[[ Exercise material, beginning ]]

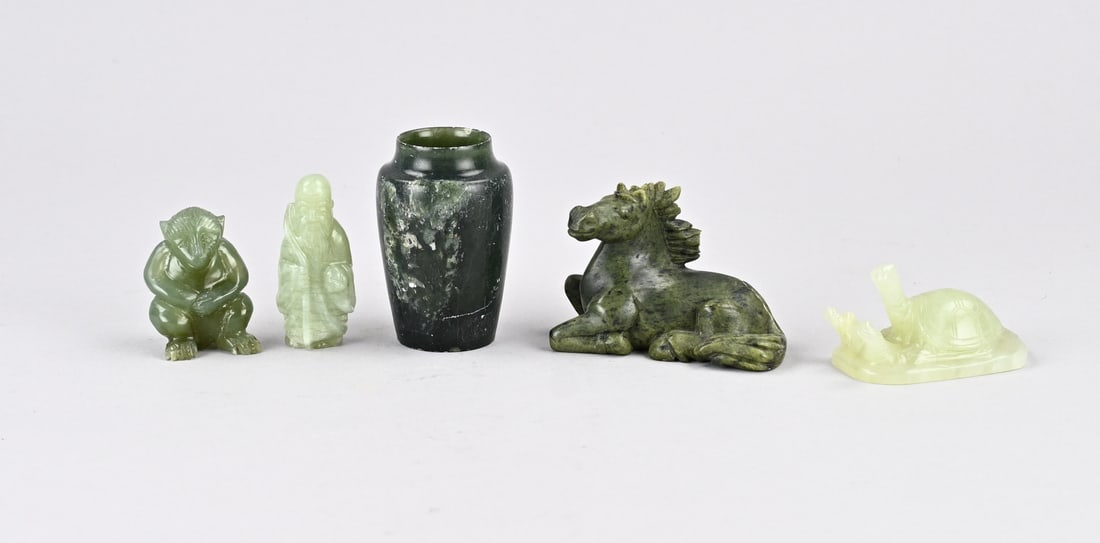Lot of jade objects (5x) (1 of 1)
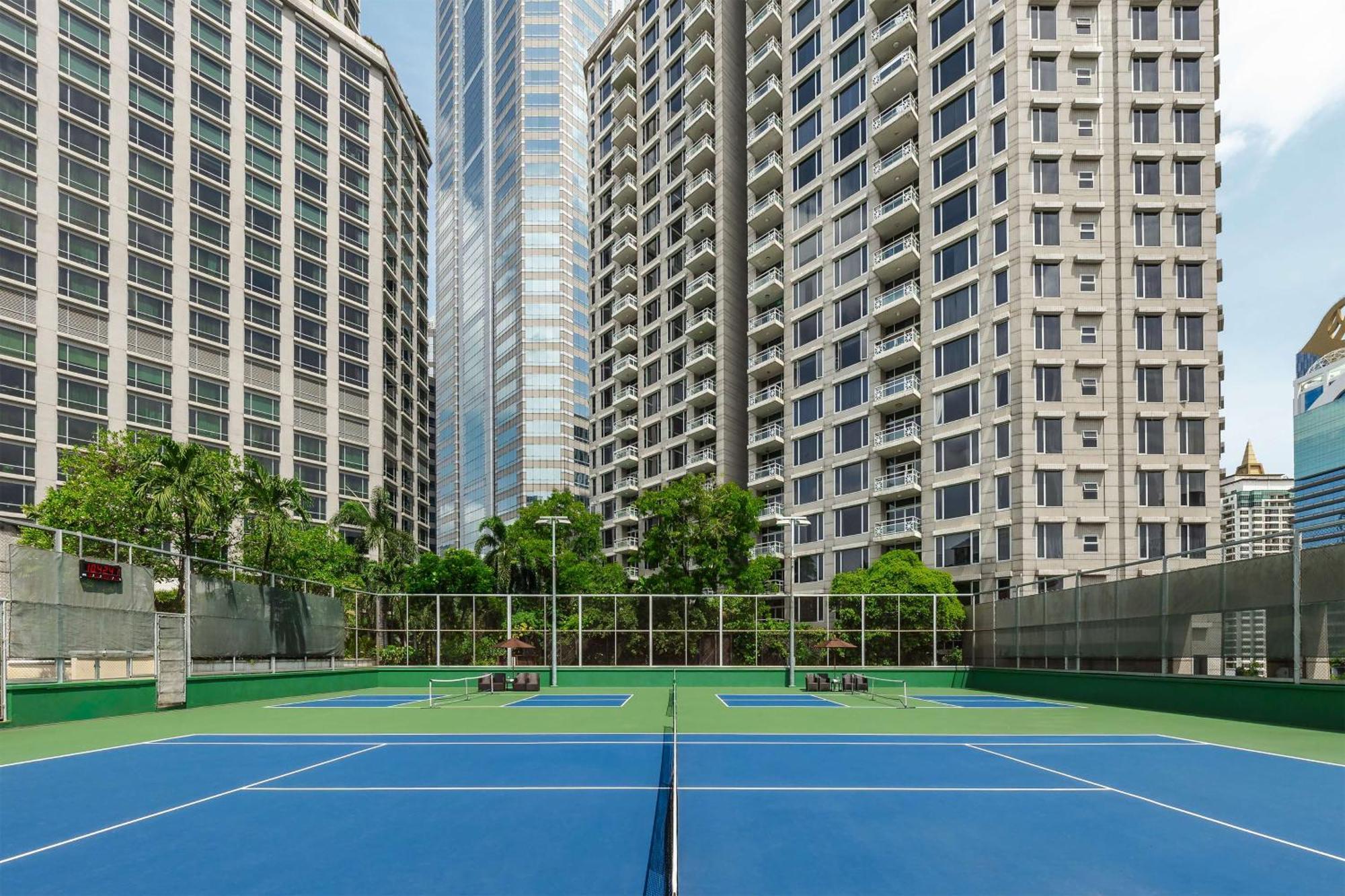 Conrad Bangkok Hotel Eksteriør billede Tennis Courts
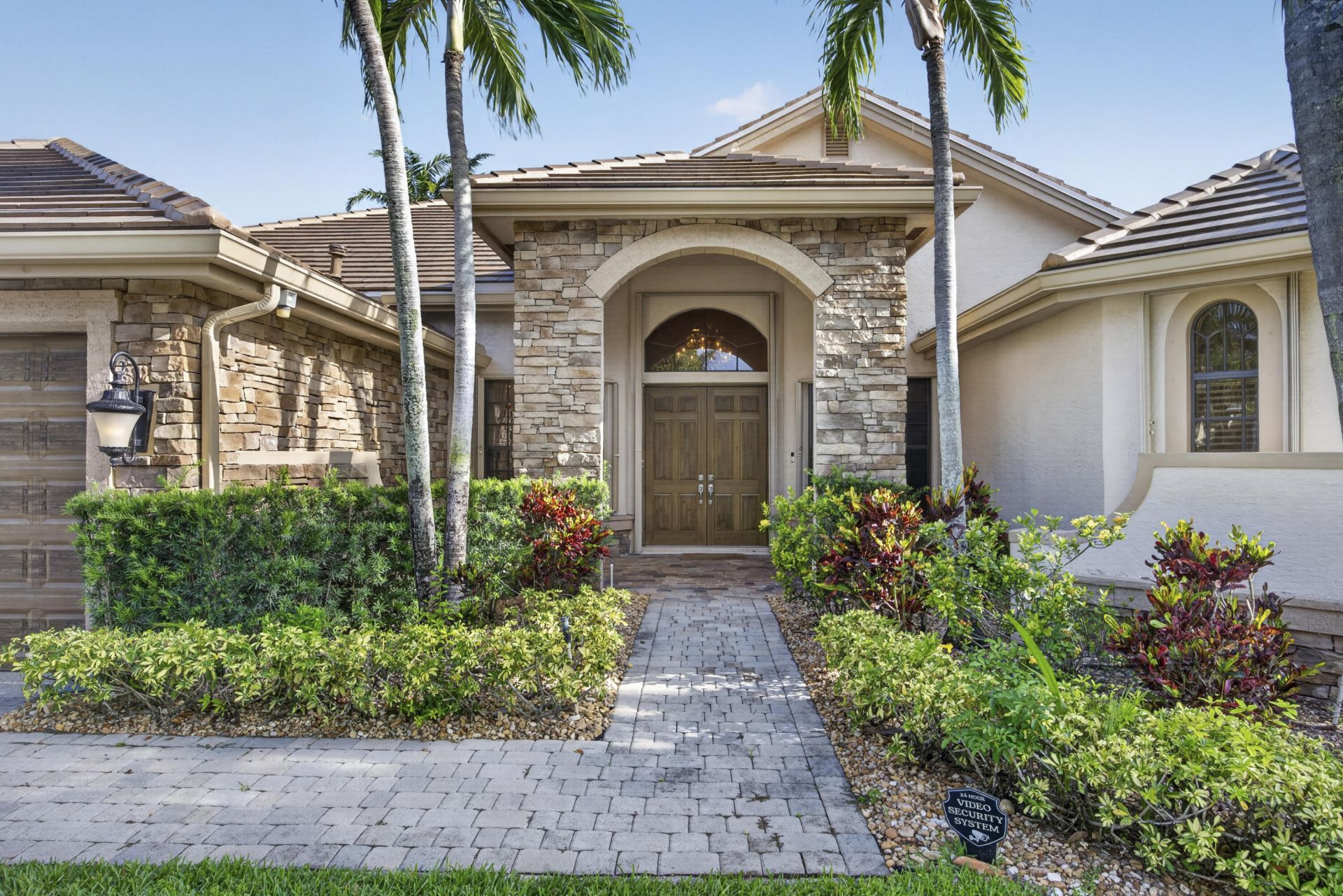 10715 Versailles Boulevard, Wellington, FL 33449 Photo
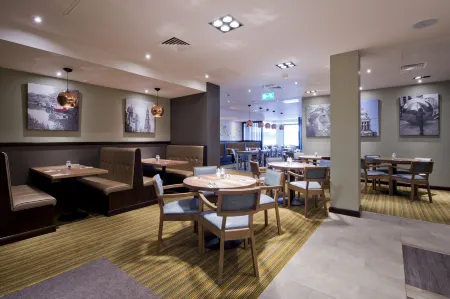 Premier Inn Leeds Cc (Whitehall Road) Отели рядом со станцией Headingley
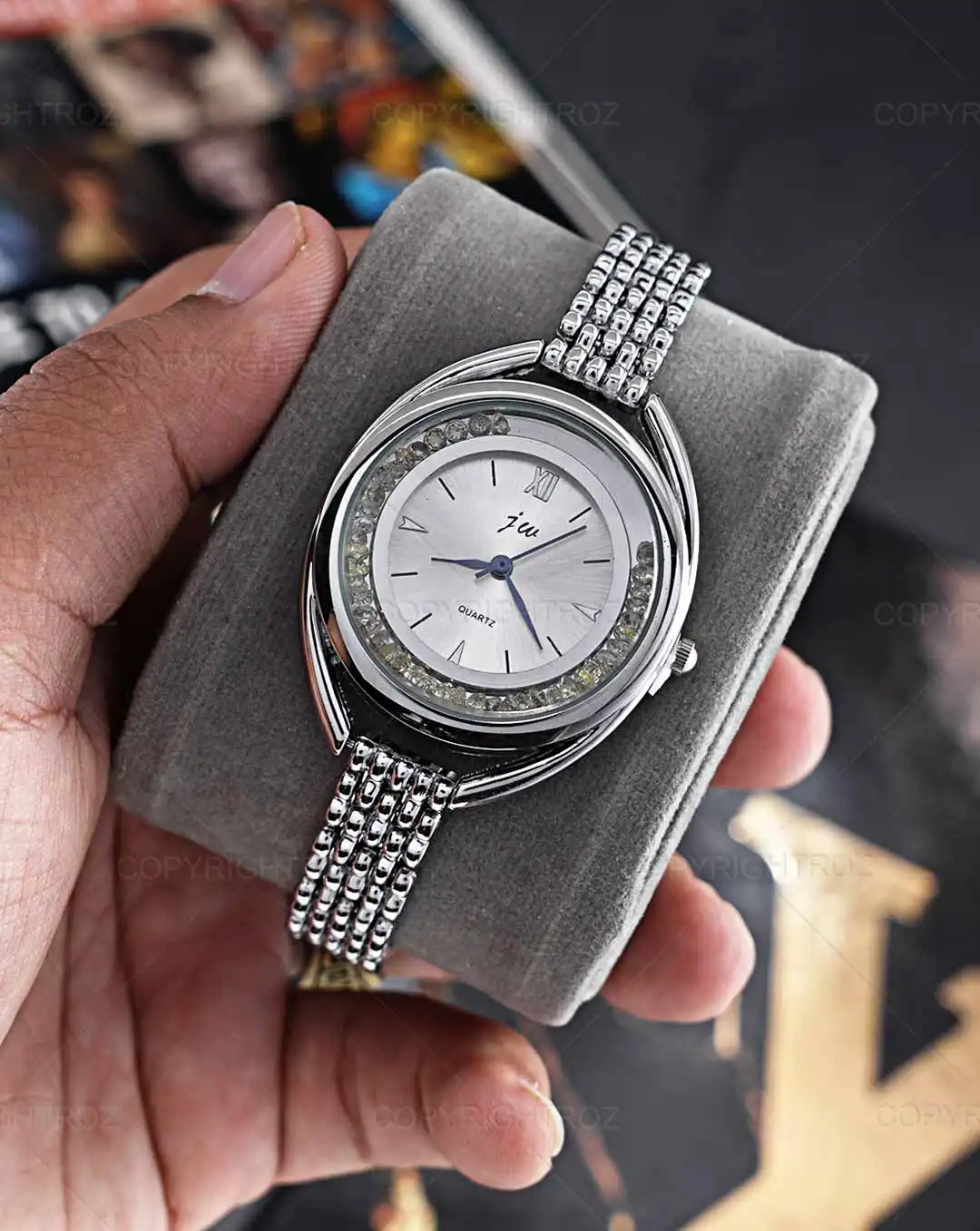 ساعت مچی زنانه دستبندی IW TIME طرح دیور مدل 1534 — تصویر ۴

[[ Exercise material, end ]]

Print every entry exactly. Pictures are not part of the copy.

- _Exercise output_
Lot of jade objects (5x) (1 of 1)
 Conrad Bangkok Hotel Eksteriør billede Tennis Courts
 10715 Versailles Boulevard, Wellington, FL 33449 Photo
 Premier Inn Leeds Cc (Whitehall Road) Отели рядом со станцией Headingley
 ساعت مچی زنانه دستبندی IW TIME طرح دیور مدل 1534 — تصویر ۴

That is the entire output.